Write out again the lines from the line with "Action figure Ichibansho" up to and including the line with "bertini mediaset", exactly as they stand below, and skip any picture.

BEGIN DATA PROVIDED

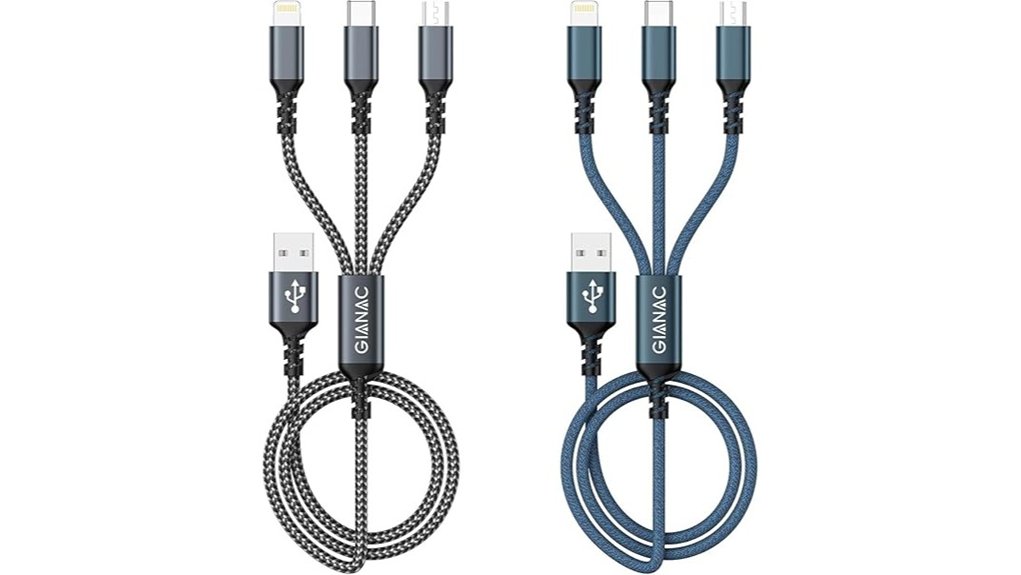 micro usb usb c lightning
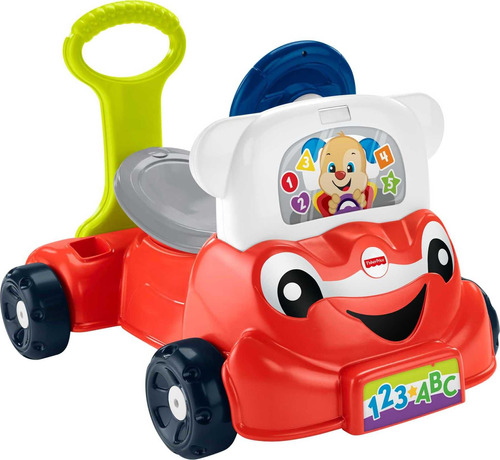 Fisher-price Laugh & Learn - Auto Inteligente 3 En 1, Camin.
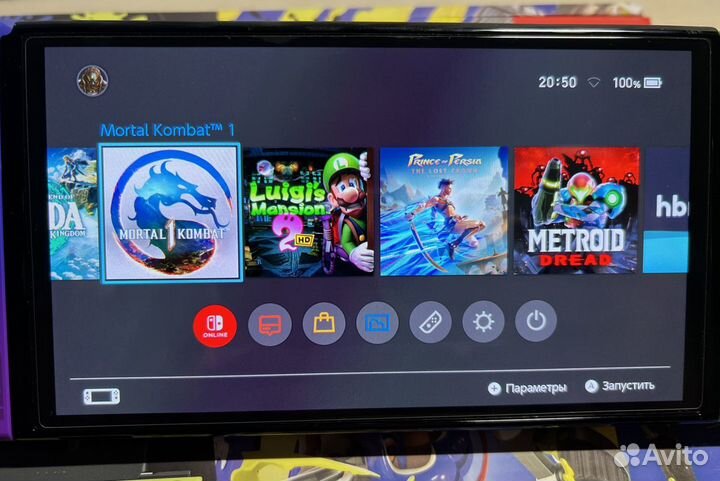 Nintendo switch oled splatoon 3 прошитая Рiсо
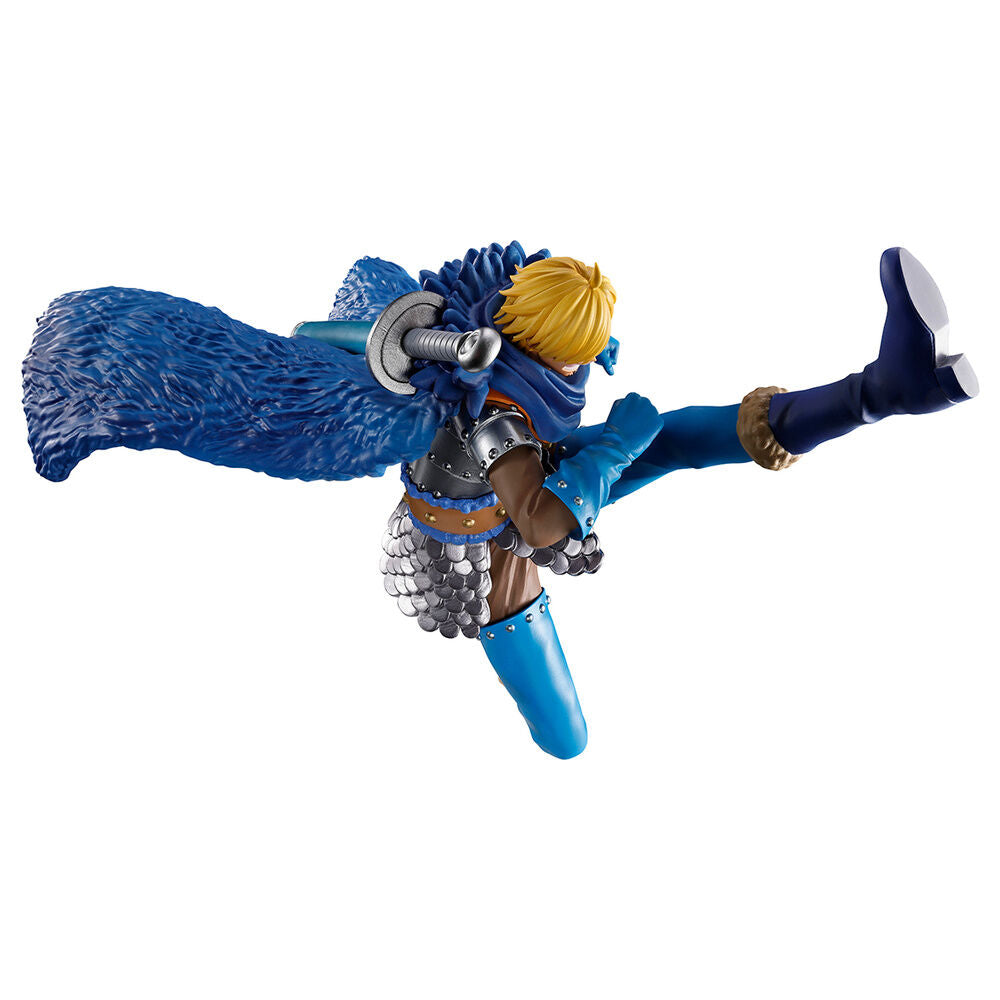 Action figure Ichibansho Sanji Giant Bash Vol 2 One Piece 13cm
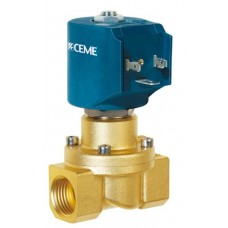 Клапан електромагнітний CEME 8334 1/2" NBR" 230В нормально закритий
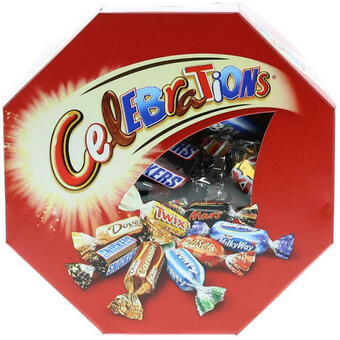 Billa Celebrations pralinen Angebot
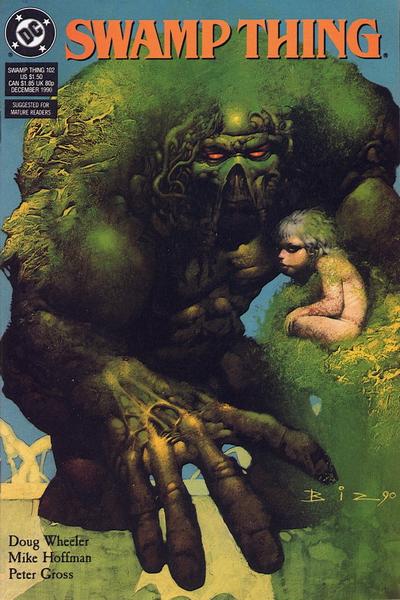 Swamp Thing #102-Very Good (3.5 – 5)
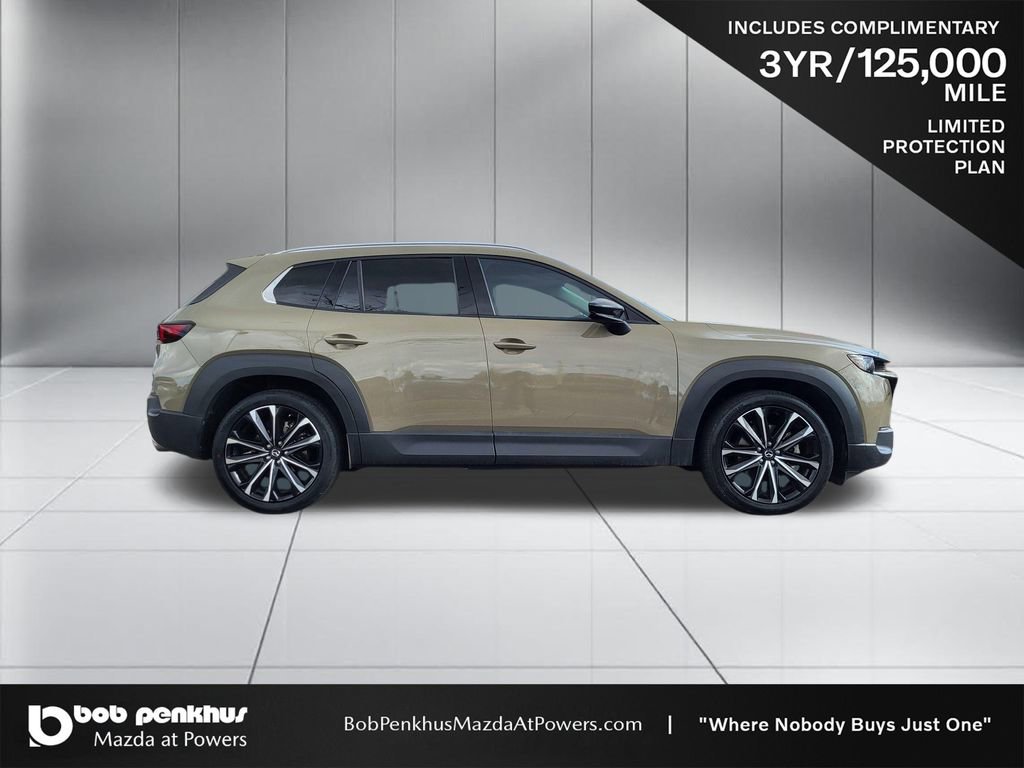 Used 2023 MAZDA CX-50 2.5 Turbo w/ Cargo Package AWD/4WD image 24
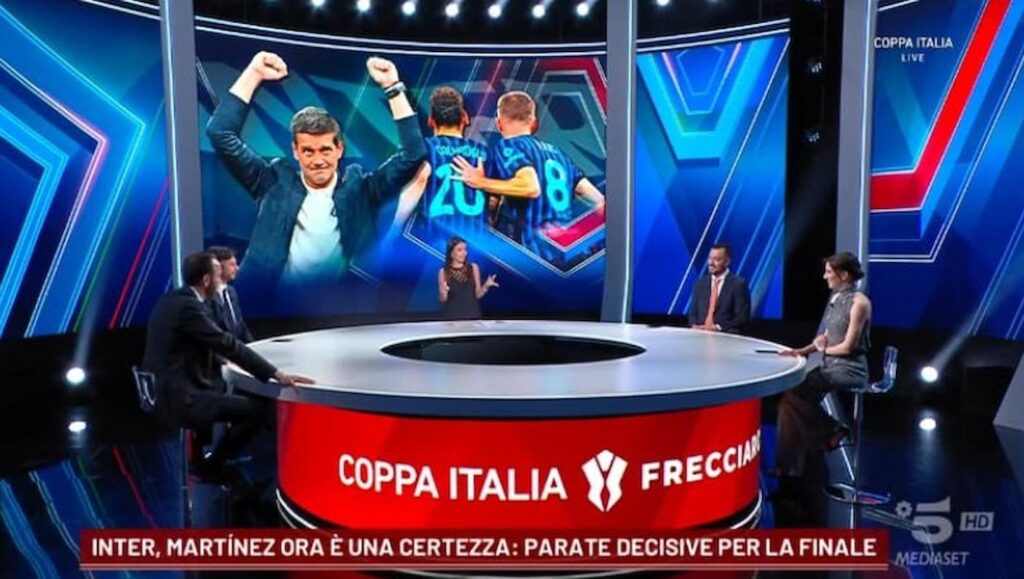 bertini mediaset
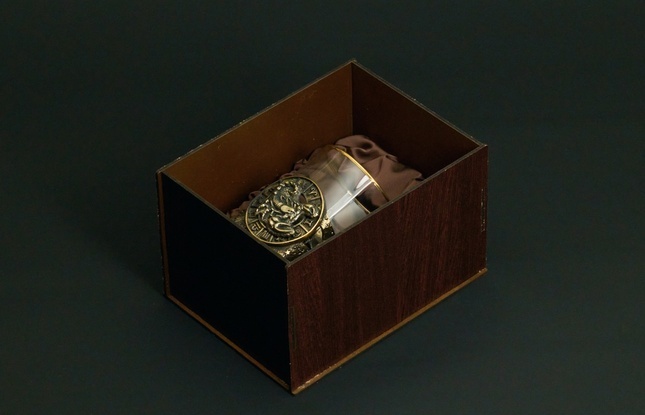 Стакан для виски Зодиак «Скорпион» 430 мл - фото №3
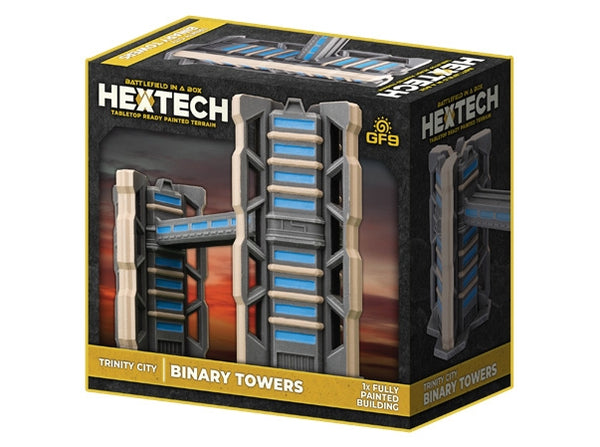 Battlefield in a Box: Hextech - Trinity City - Binary Towers (x1)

END DATA PROVIDED

REPLY:
 Action figure Ichibansho Sanji Giant Bash Vol 2 One Piece 13cm
 Клапан електромагнітний CEME 8334 1/2" NBR" 230В нормально закритий
 Billa Celebrations pralinen Angebot
 Swamp Thing #102-Very Good (3.5 – 5)
 Used 2023 MAZDA CX-50 2.5 Turbo w/ Cargo Package AWD/4WD image 24
 bertini mediaset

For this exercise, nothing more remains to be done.